Mañana llevamos a Rojo a su servicio de 10,000 kms (qué rápido crecen, snif) y aún no me acostumbro a la dirección manual. Justo ayer, se me apagó dos veces de subida y pensé en el Almera, mi coche de señora, snif. A la primera pendejadita mecánica de Rojo y vuelvo por Almerita, bua.

lunes, 4 de febrero de 2013

Íbamos para Chapala, pero terminamos en el parque metropolitano


Traía ganas de charales y micheladas. Chapala, pensé. Les comuniqué mis alcohólicas intenciones a mi familia y aceptaron acompañarnos.  Así que el domingo, muy temprano (12:30) salimos rumbo al jalisquillo lago. Viajar con una niña de un año y dos perros tiene su grado de histeria. Silla, correa, pañales, bolsas, platos, biberones, juguetes. Por eso digo que era temprano.

Ir a Chapala al menos una vez al año, o a alguno de los pueblitos que están en la ribera, es obligación de todo tapatío.  Hasta la virgensita de zapopan va.  Pero yo no soy tapatía de nacimiento, así que la primera vez que fui al charcote fue en mi cumpleaños número 12.  Mi abuelo estaba de visita.  Tomamos una lancha hasta la isla de los camarones.  Yo llevaba vestido.  Más o menos a esa edad dejé de usar vestidos de niña. Mi mamá me los mandaba hacer con una amiga de mi abuela.  Aquel vestido era rosa y tenía un olán en el cuello, por lo que en la foto de la lancha, el aire levantó el olán y sólo se me ve media cara.  Comimos en un restaurant frente a lago y mi abuelo pagó unas canciones de mariachi.

En tercero de secundaria, fui a un retiro espiritual a un rancho de las monjas que está en Jocotepec, uno de los pueblitos de la laguna. Mis papás no me querían dejar ir a ese "retiro", pero yo, más por ir con mis amigas que por piadosa, insistí.  Cedieron y soltaron la lana para el viaje. A las monjas les gustaba hacernos llorar en los retiros. No era difícil. Bastaba con que le echaran sal a la herida de una compañerita (la que acababa de perder a su papá) o hablar de lo agradecidas que debemos estar con dios (por tener todos los días que comer) o simplemente con que nos asustaran con el infierno, para que el llanto se hiciera contagioso y cincuenta niñas comenzaran a berrear.  Ya saben, la mañosa técnica de compartir un sentimiento para "encontrar a dios" y luego darnos dulce.  Esa vez fue nieve de garrafa.  Yo no sabía qué eran las nieves de garrafa de jocotepec.  Así que cuando mis compañeritas se  enteraron, me vieron como extraterrestre chilanga.  Pero como nos sentíamos muy unidas por habernos limpiado los mocos con el mismo kleenex, no me agredieron y decidieron guiarme por el camino de las nieves de joco: pide barquillo y de dos sabores. Desde entonces, la de coco es mi favorito. 

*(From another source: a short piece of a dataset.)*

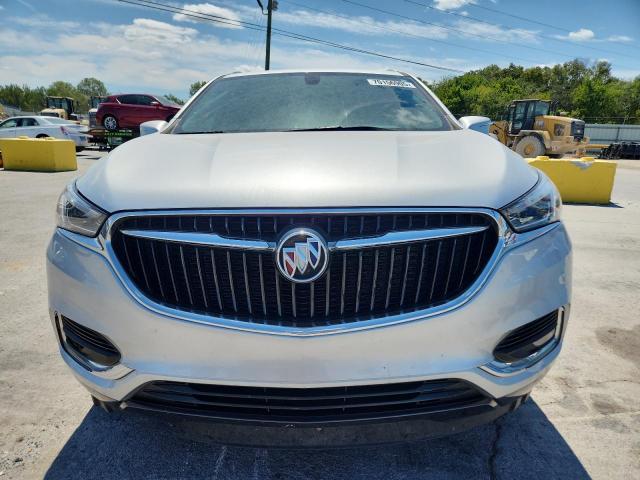 5GAERBKW9LJ163187 - 2020 BUICK ENCLAVE ESSENCE Արծաթագույն լուսանկար 5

Asistí a una prepa donde algunos de mis compañeritos eran riquillos.  Tenían casa de fin de semana en algún punto de la ribera de Chapala.  Por eso, conocí Ajijic y San Juan Cosalá. Ajijic es más nais.  Casas enormes, casi todas pintadas en colores fuertes y con hartas plantas. Alberca, jardinsote y asador. Además es english spoken y pet freindly.  Ajijic es uno de los lugares donde los gringos jubilados vienen a morirse.  Se organizan en grupos para bailar, leer e incluso, montan obras de teatro.  Gracias a ellos, el valor inmobiliario de la zona es alto.  En San Juan Cosalá casi no hay gringos y las calles son más polvosas. De lo que más me acuerdo es de un pan dulce delicioso.

Después me fui a vivir a Querétaro y no volví a Chapala ni a sus pueblitos anexos.  Sólo escuchaba a mi mamá lamentarse de lo pinche que estaba el lago. Es tan triste que ni queremos ir, pero vamos porque es obligación de todo tapatío, me decía.  Hace poco me informó que las aguas del lago se habían recuperado y el malecón estaba saneado .  Pero lo que me convenció de ir, fue la mención de micheladas y charales.

Así que aparté una noche en un Bed and Breakfast regenteado por una pareja gringa y sus perros en Ajijic.  Durante todo el fin de semana, mi maridaje y yo nos dedicamos a fresear en restaurantes, a fornicar y a caminar por el malecón en búsqueda de la michelada perfecta.  Fue un bonito reencuentro con la laguna y firmé la paz con mi pasado chapaliano.  Por eso quería volver con mi sobrina e hijos.

Pero apenas tomamos la carretera a Chapala, la encontramos aperrada de tapatíos que decidieron ir a cumplir su obligación justo el mismo día que tenía antojo de charales.  Como mi papá es bastante desesperado, tomó el primer retorno, hicimos escala en el Oxxo y en las carnitas y terminamos en un picnic el parque metropolitano, lo cual no está tan mal porque el mentado parquesito rulea.